** DATASET ENTRIES follows **

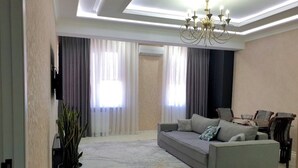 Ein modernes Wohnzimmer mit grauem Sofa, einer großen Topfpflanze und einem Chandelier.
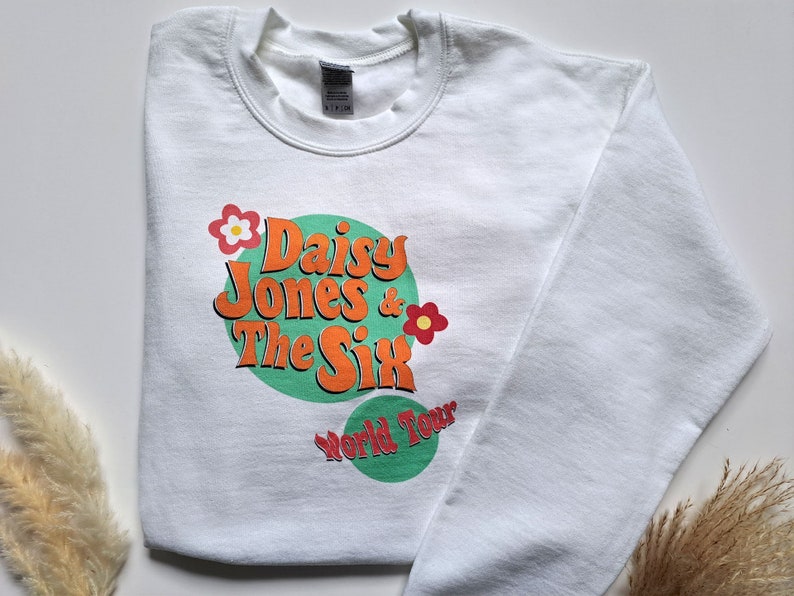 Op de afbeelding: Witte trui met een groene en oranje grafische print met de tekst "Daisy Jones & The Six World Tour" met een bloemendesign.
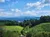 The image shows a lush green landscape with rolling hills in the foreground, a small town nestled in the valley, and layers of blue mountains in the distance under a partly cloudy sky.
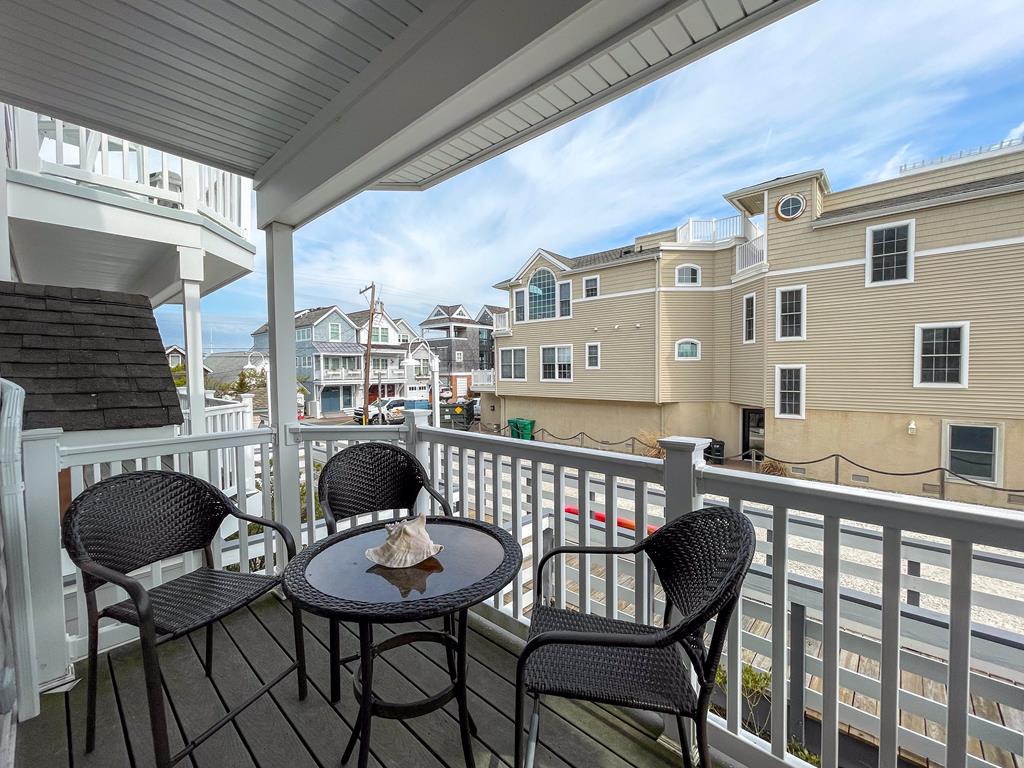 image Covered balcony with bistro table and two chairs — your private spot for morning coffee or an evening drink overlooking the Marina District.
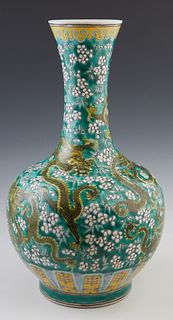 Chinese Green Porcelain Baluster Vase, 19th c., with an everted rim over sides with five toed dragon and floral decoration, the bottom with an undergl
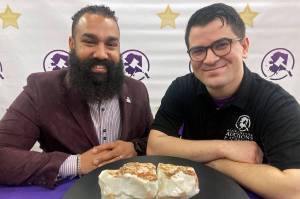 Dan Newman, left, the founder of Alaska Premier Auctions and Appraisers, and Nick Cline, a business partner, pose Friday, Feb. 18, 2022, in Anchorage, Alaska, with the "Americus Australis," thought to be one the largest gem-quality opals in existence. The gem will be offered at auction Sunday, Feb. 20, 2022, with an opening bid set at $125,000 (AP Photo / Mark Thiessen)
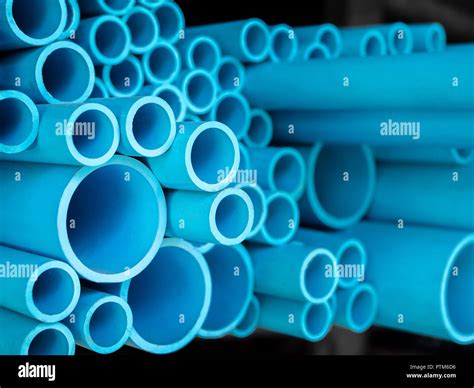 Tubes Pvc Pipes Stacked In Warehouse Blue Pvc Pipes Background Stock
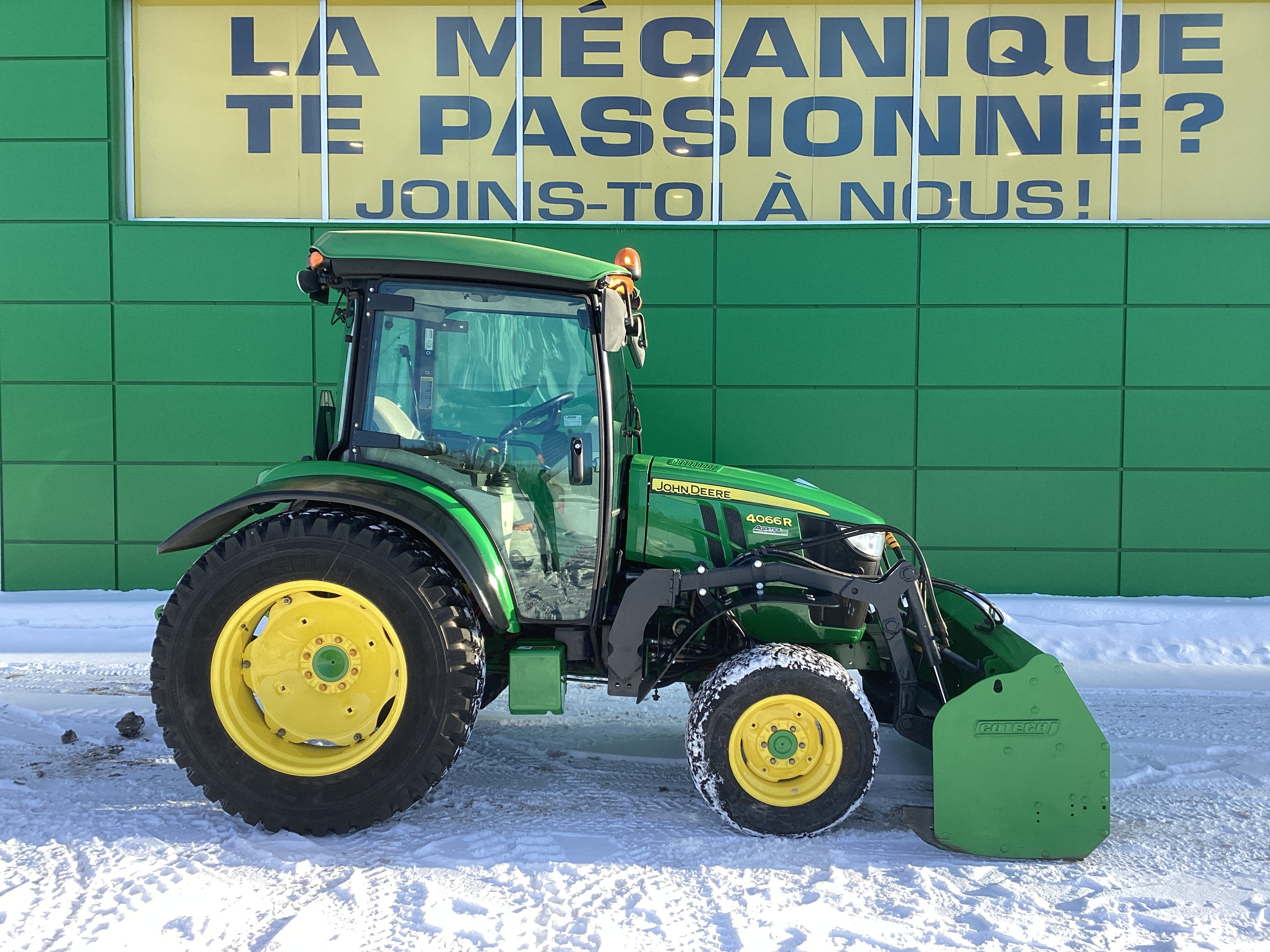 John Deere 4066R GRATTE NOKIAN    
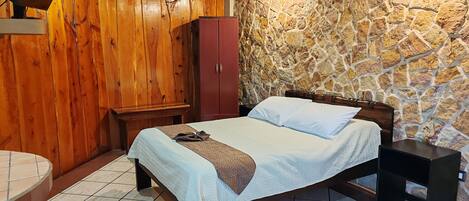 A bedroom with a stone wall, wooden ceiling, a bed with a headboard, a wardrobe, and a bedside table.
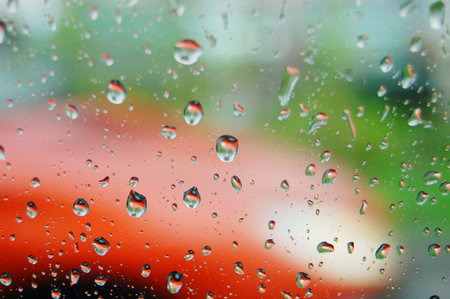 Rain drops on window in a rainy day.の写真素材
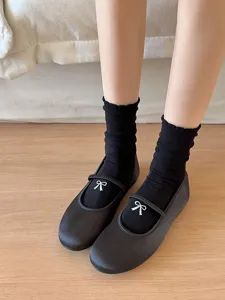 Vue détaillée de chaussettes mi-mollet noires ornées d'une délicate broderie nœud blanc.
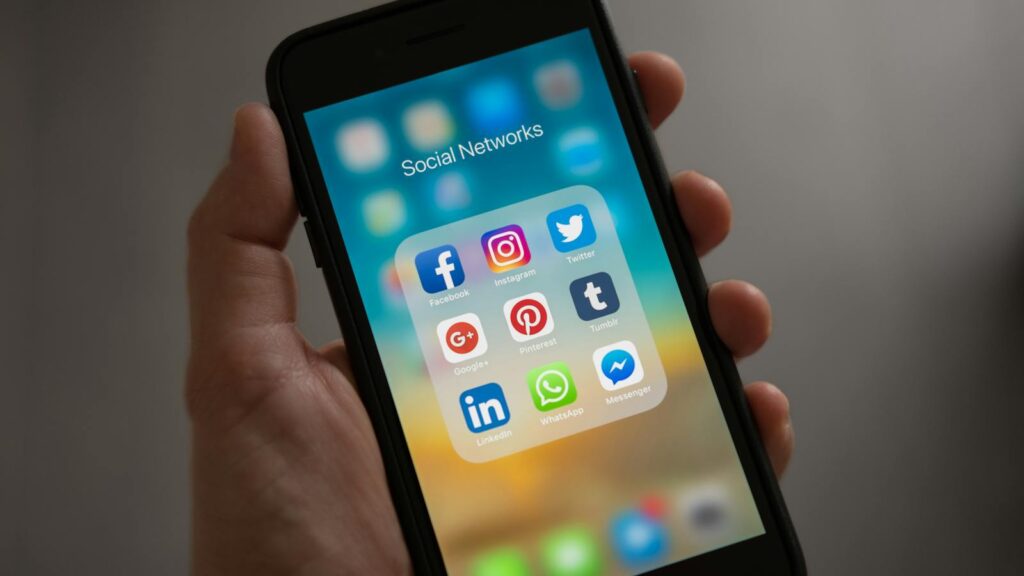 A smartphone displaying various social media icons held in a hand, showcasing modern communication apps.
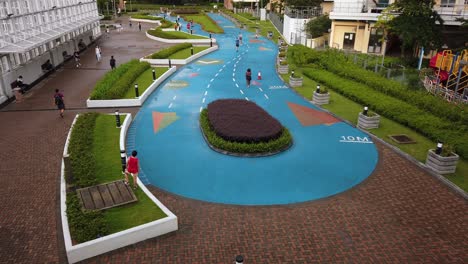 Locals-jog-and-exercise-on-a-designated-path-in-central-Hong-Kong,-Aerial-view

** End of DATASET ENTRIES **

## WHAT YOU WILL DO
Look above and copy only the lines from the one holding "Op de afbeelding: Witte" to the one holding "image Covered balcony", both included, exactly, minus the pictures.

## RESPONSE FOR THIS EXERCISE
 Op de afbeelding: Witte trui met een groene en oranje grafische print met de tekst "Daisy Jones & The Six World Tour" met een bloemendesign.
 The image shows a lush green landscape with rolling hills in the foreground, a small town nestled in the valley, and layers of blue mountains in the distance under a partly cloudy sky.
 image Covered balcony with bistro table and two chairs — your private spot for morning coffee or an evening drink overlooking the Marina District.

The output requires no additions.